It's about time.
After years of twiddling their thumbs over the issue, ICANN has voted 13-0 to begin the bureaucratic process of putting an end to "domain tasting," the slimy practice whereby speculators buy up millions of URLs but avoid paying any fees because they renounce the names within a 5-day grace period.
How do they propose to accomplish this? Simple: Ditch the grace period.
ICANN's most recent discussion of the matter can be found here. (You've got to dig a bit through the string to find it.)
The New York Times has details here, writing:
The grace period is intended to let people get a refund if they make a spelling mistake while registering a domain. But rogue registrars have been abusing the grace period by setting up thousands of Web sites stuffed with advertising links on newly registered domains.
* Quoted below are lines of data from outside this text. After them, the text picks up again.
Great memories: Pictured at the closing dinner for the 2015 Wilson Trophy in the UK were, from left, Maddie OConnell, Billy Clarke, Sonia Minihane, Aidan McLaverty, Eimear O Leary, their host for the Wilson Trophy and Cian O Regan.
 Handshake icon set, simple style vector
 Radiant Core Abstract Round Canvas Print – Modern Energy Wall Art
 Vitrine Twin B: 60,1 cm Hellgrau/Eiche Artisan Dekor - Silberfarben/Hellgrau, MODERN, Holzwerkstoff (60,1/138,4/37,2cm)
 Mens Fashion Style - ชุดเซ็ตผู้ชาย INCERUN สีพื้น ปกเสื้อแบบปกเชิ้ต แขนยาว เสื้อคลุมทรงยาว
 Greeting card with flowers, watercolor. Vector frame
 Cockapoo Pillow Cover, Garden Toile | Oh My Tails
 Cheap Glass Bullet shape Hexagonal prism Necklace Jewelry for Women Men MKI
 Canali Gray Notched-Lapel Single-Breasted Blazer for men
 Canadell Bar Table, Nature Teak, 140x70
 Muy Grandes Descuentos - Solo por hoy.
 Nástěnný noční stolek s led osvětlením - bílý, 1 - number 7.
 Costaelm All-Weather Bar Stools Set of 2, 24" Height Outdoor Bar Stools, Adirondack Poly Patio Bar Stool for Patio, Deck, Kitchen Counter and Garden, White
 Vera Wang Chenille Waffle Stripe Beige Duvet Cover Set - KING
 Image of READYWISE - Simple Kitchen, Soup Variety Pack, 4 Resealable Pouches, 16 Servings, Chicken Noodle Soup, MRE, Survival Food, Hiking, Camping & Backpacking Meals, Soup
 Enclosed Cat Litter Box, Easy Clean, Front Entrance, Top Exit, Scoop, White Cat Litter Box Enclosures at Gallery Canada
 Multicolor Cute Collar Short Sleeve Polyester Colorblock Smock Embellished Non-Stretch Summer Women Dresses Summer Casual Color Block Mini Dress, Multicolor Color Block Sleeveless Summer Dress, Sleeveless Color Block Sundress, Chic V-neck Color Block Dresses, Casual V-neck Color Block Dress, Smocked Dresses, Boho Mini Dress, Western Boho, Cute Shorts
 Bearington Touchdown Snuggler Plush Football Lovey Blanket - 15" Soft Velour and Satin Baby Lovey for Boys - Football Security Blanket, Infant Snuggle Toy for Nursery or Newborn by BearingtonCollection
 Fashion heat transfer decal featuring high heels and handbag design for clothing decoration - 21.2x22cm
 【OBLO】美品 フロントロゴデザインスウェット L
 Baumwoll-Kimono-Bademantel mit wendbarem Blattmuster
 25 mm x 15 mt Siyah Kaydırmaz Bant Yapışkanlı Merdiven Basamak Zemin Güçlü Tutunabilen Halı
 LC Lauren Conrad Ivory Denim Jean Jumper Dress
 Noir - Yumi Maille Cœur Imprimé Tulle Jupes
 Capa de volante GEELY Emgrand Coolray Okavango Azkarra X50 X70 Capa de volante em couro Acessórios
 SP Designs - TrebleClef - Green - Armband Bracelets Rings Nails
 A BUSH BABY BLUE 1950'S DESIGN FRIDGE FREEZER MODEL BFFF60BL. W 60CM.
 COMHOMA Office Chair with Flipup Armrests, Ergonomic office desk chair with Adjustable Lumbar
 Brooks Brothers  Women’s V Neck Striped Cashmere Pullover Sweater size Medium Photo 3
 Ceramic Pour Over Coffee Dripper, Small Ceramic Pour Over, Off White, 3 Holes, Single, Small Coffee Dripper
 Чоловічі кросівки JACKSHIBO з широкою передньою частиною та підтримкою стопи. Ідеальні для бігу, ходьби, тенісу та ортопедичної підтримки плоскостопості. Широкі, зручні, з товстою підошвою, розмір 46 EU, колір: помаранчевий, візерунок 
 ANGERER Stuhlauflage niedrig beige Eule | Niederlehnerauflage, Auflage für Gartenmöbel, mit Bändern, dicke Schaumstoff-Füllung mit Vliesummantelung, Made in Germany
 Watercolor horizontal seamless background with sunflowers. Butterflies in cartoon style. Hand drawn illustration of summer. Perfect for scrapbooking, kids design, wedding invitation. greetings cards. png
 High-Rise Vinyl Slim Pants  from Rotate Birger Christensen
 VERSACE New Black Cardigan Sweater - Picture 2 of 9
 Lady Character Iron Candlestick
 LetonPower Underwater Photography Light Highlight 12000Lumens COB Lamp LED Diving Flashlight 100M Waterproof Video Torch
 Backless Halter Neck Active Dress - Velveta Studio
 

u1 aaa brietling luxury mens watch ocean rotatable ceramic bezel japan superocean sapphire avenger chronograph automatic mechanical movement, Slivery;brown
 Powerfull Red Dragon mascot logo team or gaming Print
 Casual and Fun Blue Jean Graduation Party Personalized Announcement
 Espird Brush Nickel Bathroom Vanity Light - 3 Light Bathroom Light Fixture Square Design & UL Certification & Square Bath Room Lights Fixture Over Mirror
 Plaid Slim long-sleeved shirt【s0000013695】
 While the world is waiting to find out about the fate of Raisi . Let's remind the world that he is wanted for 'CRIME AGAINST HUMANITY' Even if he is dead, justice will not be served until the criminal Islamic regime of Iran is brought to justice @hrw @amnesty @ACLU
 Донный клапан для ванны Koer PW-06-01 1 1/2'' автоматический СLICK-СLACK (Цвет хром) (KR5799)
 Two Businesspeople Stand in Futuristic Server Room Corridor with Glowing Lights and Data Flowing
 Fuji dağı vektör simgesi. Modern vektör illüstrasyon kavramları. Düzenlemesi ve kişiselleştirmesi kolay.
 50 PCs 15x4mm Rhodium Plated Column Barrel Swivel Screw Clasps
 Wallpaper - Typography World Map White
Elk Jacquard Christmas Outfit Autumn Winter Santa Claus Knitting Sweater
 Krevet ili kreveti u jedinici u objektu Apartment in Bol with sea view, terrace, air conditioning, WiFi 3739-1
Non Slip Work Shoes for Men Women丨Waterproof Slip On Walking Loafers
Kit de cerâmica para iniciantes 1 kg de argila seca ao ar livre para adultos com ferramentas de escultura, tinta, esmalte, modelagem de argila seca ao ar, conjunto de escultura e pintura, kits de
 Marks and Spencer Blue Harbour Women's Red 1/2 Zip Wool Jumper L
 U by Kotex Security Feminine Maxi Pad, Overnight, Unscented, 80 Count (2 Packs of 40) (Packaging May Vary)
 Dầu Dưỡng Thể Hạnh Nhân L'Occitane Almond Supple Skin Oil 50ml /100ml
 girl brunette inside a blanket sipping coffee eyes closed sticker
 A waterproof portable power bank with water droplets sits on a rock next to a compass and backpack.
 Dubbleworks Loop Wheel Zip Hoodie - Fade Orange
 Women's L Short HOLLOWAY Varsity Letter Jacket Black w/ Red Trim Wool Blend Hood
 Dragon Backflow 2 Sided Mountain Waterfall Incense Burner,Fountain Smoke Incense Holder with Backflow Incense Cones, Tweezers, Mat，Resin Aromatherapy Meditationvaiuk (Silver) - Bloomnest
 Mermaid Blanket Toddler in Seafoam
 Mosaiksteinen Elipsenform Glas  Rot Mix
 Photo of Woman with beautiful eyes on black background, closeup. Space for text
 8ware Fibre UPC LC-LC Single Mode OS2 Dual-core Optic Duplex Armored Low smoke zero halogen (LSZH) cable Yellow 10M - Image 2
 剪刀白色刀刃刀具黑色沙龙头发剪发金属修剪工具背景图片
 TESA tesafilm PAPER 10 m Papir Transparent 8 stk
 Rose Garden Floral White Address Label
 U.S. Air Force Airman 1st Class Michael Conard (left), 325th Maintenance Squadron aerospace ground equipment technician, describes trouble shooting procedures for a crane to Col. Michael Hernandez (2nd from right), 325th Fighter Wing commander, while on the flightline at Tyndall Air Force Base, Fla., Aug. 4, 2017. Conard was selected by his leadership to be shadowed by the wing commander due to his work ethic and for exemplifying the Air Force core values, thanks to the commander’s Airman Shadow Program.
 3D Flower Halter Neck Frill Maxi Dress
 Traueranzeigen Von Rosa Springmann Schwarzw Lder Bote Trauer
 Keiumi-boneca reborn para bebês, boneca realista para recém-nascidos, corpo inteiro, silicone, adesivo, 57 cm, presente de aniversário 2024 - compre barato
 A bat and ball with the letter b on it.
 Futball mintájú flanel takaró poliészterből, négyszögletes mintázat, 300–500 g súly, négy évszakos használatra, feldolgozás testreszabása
The domain tasters then keep the ones that generate the most click-through advertising revenue and forfeit the unprofitable domains for a refund before the grace period expires. Some registrars have been known to repeatedly register and unregister domain names as the five-day grace period expires, essentially never paying for use of a domain.
Domain tasting is a problem for users since it means a domain they want to purchase may be temporarily or permanently unavailable. It also means more low-quality Web pages on the Internet that are designed only for generating advertising revenue.
Slashdotters are chewing it over, including the side issue of how ICANN is handling - or not handling - Network Solutions' practice of "front running" domain names, meaning they lock up names sought via searches on their site, ostensibly to protect those seeking them. That's been quite the you-know-what storm, too.
The domain tasting schemes have been a regular focus of attention here at Buzzblog, so you'll have to forgive me if I'm waiting to see the appropriate follow through from ICANN before celebrating the end of the scam.